Despite the liability shift, and even with the 2015 holiday season behind them, merchant migration to EMV technology has been slower than expected. Larger retailers like Target, which has been the victim of a large-scale credit card breach, have been quick to adopt the new technology. Smaller retailers have been reluctant to make the shift and are now responsible for the liability. Only 40% of all merchants in the U.S. are expected to make the shift to EMV credit card terminals by the end of 2016.

The State of EMV in 2016

EMV technology is not a perfect antidote against credit card fraud, but it can be a key component in an overall credit card security program. With EMV cards changing transaction data with each transaction, a new trend in credit card payment fraud toward card-not-present, (CNP) transactions is emerging. That’s because the technology does not protect against large-scale credit card data breaches. When these events occur, fraudsters steal credit card numbers and then use them in CNP environments that don’t require the original card.

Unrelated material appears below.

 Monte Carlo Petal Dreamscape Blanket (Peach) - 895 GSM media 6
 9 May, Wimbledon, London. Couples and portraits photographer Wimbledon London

Brian Hamilton, Senior Director of Risk Products at Visa, explains: “Once fraudsters obtain the card data and primary account holder information, the information can be used in a card-not-present environment, and we have seen that in other parts of the world — a migration of fraud to card-not-present transactions.” In fact, Javelin estimates that CNP fraud in the United States will be nearly 4 times greater than POS card fraud in 2018.

The Future

Although merchant and credit unions may be slow to adopt EMV, with only a quarter to one third of all POS transaction using the technology currently, it’s important to realize that the technology  has worked in the countries where it has been implemented. In European countries counterfeit card fraud has been reduced dramatically. It’s expected that as more merchants will adopt EMV credit card processing, POS credit card payment fraud will decrease. We should look at the October 2015 as the beginning, not the end for EMV technology in the U.S.